What you have to do » For this exercise, repeat the records below exactly and omit every picture.

Brief descriptive captions »
========================
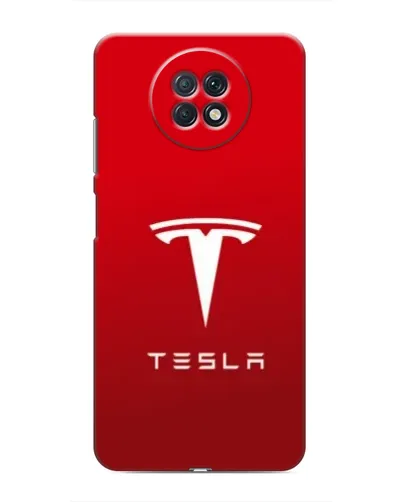 Чехол для Xiaomi Redmi Note 9T с картинкой «Tesla Red Classic» Чехол для Xiaomi Redmi Note 9T с картинкой «Tesla Red Classic»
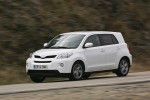 Toyota Urban Cruiser 1.4 D-4D 90 CV 4x2  Active Monovolumen Blanco Exterior Frontal-Lateral 5 puertas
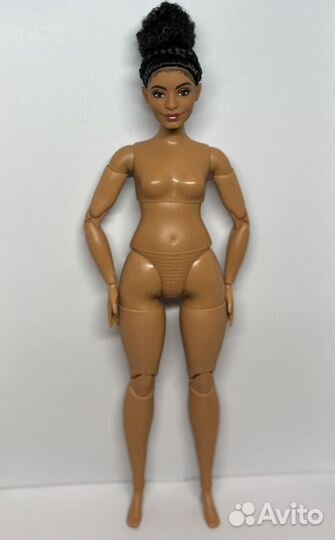 Кукла Disney Tinker Bell на теле Barbie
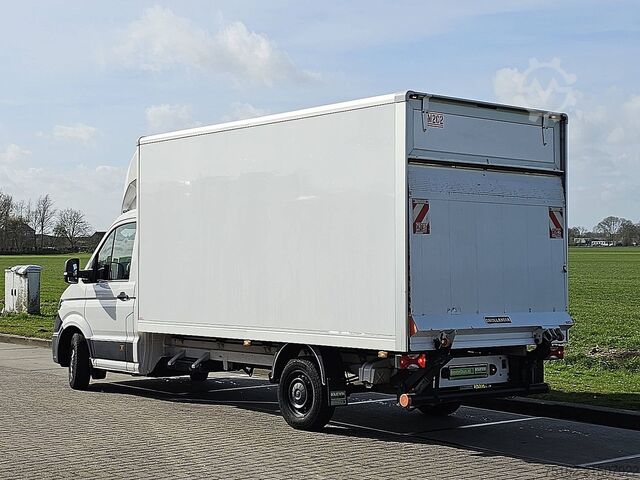 Bakwagen VOLKSWAGEN CRAFTER 35 2.0 Bakwagen Laadklep!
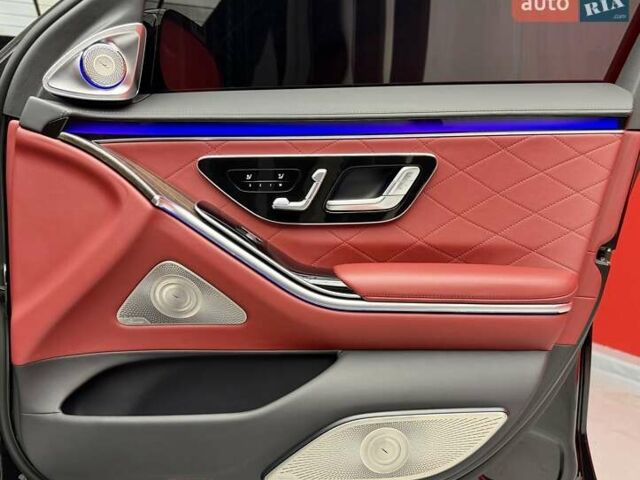 Чорний Мерседес С Клас, об'ємом двигуна 4 л та пробігом 73 тис. км за 139800 $, фото 55 на Automoto.ua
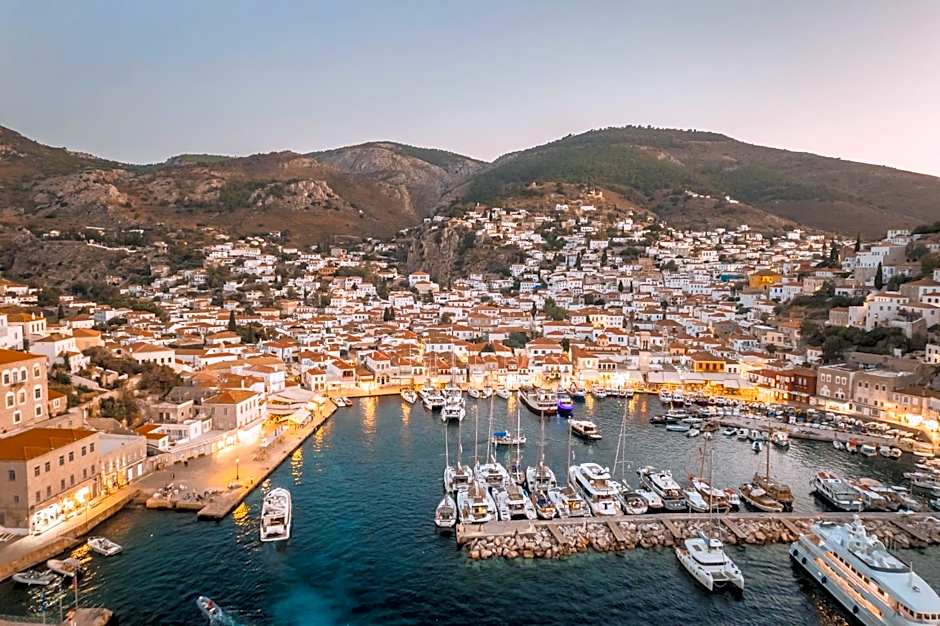 Hydroussa Hotel Hydra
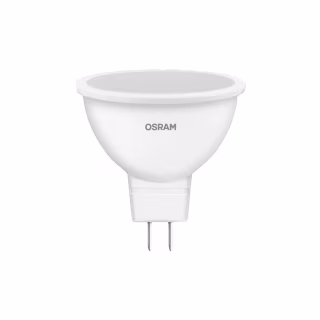 Лампочка Osram LED VALUE, MR16, 8W, 4000K, GU5.3 (4058075689459)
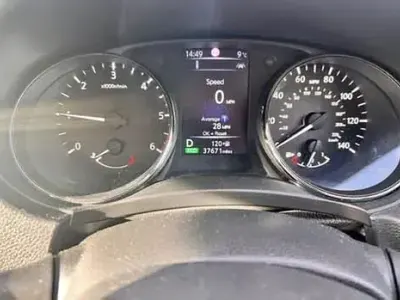 Used Nissan X-Trail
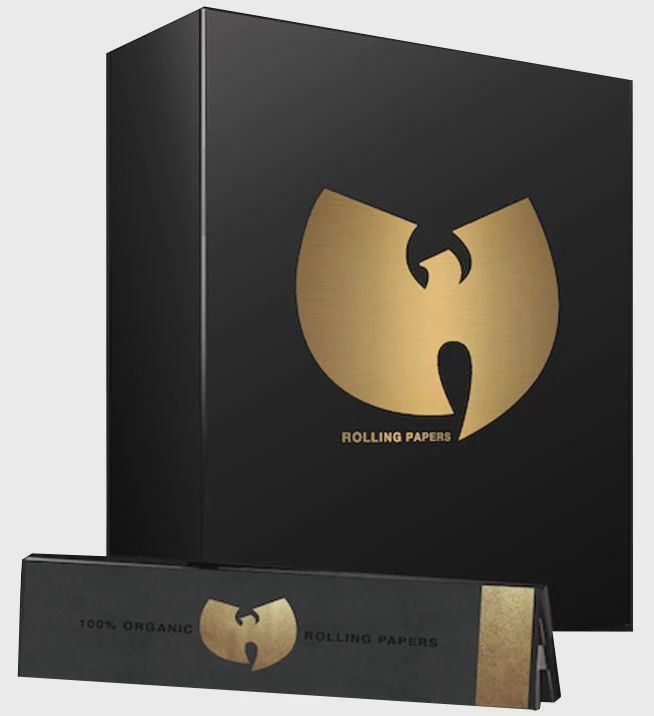 Wu-Tang  Rolling Papers, Size: King Size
========================
Exercise result »
 Чехол для Xiaomi Redmi Note 9T с картинкой «Tesla Red Classic» Чехол для Xiaomi Redmi Note 9T с картинкой «Tesla Red Classic»
 Toyota Urban Cruiser 1.4 D-4D 90 CV 4x2  Active Monovolumen Blanco Exterior Frontal-Lateral 5 puertas
 Кукла Disney Tinker Bell на теле Barbie
 Bakwagen VOLKSWAGEN CRAFTER 35 2.0 Bakwagen Laadklep!
 Чорний Мерседес С Клас, об'ємом двигуна 4 л та пробігом 73 тис. км за 139800 $, фото 55 на Automoto.ua
 Hydroussa Hotel Hydra
 Лампочка Osram LED VALUE, MR16, 8W, 4000K, GU5.3 (4058075689459)
 Used Nissan X-Trail
 Wu-Tang  Rolling Papers, Size: King Size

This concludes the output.